Statins share hepatic metabolism pathways. While no direct pharmacokinetic interaction between oral TU and statins has been documented, the additive monitoring burden is real: both drugs warrant liver enzyme checks, and a single baseline-plus-3-month panel can satisfy both requirements.

Monitoring Schedule Summary for Jatenzo in Men Aged 50-64

The recommended timeline consolidates efficiently. At baseline: two morning testosterone levels, CBC with hematocrit, CMP including ALT/AST, fasting lipids, PSA, HbA1c, blood pressure on two visits, DEXA if risk factors present. At 1 month: trough testosterone, CBC, blood pressure. At 3 months: trough testosterone (confirmatory), CBC, fasting lipids, ALT/AST, PSA, blood pressure. At 6 months: CBC, blood pressure, symptom assessment. At 12 months and annually: all baseline labs, DEXA if prior scan abnormal, digital rectal exam, comprehensive symptom review.

Dr. Abraham Morgentaler, a urologist at Harvard Medical School and author of multiple TRT guidelines, has noted: "The greatest risk of testosterone therapy is not the therapy itself but the failure to monitor appropriately. A structured lab schedule transforms TRT from a gamble into a managed medical intervention" [6].

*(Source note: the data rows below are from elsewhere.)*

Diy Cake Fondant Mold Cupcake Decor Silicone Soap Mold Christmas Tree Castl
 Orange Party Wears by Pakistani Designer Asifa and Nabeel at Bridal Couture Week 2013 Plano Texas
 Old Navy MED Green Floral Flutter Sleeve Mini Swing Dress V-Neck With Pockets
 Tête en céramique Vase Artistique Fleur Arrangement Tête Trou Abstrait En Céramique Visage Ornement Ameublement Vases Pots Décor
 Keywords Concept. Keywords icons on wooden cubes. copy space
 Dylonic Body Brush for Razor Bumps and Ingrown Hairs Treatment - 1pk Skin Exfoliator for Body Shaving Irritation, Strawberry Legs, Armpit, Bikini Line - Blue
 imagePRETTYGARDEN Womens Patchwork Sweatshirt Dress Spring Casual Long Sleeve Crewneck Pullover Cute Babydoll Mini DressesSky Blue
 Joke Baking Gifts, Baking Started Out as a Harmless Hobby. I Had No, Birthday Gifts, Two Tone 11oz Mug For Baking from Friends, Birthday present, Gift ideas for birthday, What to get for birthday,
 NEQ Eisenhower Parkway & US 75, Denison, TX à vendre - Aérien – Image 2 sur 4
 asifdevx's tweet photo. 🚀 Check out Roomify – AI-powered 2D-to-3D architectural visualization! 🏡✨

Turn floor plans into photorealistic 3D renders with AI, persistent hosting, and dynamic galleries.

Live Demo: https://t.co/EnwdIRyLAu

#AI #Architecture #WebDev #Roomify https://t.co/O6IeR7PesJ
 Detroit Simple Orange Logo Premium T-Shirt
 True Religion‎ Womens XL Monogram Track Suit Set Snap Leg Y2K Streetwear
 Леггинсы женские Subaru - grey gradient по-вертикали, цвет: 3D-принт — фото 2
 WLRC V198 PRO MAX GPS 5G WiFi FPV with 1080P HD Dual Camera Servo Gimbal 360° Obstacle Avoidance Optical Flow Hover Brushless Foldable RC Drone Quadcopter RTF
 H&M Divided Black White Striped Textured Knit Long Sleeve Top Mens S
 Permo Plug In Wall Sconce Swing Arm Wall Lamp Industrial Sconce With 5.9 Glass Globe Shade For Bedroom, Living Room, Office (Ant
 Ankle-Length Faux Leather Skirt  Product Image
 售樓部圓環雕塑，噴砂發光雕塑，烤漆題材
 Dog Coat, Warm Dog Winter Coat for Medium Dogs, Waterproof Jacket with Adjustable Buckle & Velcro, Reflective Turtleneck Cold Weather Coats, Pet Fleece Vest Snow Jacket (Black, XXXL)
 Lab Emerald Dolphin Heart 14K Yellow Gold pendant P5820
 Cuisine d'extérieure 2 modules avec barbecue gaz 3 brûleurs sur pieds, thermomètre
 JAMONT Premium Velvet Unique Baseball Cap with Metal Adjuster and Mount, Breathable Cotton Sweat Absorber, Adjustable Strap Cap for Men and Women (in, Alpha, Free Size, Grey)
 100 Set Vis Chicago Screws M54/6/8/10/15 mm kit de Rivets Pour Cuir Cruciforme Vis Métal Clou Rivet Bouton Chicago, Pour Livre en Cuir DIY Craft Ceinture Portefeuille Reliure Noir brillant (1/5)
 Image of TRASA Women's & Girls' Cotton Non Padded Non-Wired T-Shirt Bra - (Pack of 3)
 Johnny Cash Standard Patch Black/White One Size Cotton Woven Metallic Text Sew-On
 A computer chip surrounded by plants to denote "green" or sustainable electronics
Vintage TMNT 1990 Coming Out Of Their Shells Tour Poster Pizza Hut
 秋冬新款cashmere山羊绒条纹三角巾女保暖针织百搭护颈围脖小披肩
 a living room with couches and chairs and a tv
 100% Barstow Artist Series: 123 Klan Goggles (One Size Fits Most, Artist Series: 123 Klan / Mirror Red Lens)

When to Stop or Adjust Jatenzo

Discontinuation triggers are specific. Stop Jatenzo and evaluate if hematocrit exceeds 54%, if blood pressure rises above 160/100 mmHg despite antihypertensive optimization, if PSA velocity exceeds 1.4 ng/mL per year, if new breast tenderness or gynecomastia develops and fails to resolve with dose reduction, or if the patient develops symptoms of heart failure (new peripheral edema, dyspnea on exertion, weight gain exceeding 5 lbs in one week).

Dose reduction from 237 mg to 158 mg twice daily is appropriate when testosterone levels exceed 1 to 000 ng/dL, hematocrit rises above 50% but remains below 54%, or mild blood pressure elevation (systolic 140-159 mmHg) emerges. Dose increase to 316 mg twice daily is indicated when testosterone remains below 300 ng/dL despite confirmed adherence and verified fat intake with meals.

Confirmed adherence is worth emphasizing. Jatenzo requires co-ingestion with food containing adequate fat for lymphatic absorption. A patient reporting poor symptom response with low trough levels should be asked specifically about meal timing and composition before any dose change. Taking Jatenzo on an empty stomach can reduce absorption by up to 50%, producing misleadingly low lab values.